* _DIRECTIONS_:
Each line from the one holding "Grammatik aktiv B2-C1" to the end of the data below must be output verbatim, with no other lines.

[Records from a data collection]
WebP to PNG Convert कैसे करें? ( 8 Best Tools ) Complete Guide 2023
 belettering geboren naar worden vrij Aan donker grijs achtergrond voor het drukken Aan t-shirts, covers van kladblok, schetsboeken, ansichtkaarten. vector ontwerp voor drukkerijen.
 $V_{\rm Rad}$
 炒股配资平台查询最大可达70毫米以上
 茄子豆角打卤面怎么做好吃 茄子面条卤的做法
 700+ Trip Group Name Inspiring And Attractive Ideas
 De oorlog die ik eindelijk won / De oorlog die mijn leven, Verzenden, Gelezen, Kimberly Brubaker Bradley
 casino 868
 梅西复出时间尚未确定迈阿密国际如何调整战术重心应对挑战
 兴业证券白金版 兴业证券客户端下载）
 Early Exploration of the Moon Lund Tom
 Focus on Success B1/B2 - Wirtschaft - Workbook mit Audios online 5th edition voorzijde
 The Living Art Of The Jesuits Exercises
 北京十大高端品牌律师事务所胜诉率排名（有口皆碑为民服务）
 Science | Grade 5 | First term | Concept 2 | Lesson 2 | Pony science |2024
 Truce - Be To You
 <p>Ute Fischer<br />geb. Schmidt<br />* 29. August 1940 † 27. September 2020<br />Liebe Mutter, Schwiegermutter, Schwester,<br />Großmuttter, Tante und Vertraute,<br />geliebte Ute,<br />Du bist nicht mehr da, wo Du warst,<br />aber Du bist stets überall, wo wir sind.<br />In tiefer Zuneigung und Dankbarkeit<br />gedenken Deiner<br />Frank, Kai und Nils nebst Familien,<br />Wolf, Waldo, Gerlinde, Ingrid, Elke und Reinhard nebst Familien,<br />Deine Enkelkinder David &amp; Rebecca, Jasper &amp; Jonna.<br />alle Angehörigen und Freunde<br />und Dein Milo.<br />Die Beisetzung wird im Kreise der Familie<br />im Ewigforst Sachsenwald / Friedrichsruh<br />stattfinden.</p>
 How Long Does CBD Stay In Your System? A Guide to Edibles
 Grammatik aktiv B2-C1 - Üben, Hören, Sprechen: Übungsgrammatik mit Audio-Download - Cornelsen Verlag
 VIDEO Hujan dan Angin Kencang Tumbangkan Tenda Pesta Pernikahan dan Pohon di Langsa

* _YOUR RESPONSE_:
 Grammatik aktiv B2-C1 - Üben, Hören, Sprechen: Übungsgrammatik mit Audio-Download - Cornelsen Verlag
 VIDEO Hujan dan Angin Kencang Tumbangkan Tenda Pesta Pernikahan dan Pohon di Langsa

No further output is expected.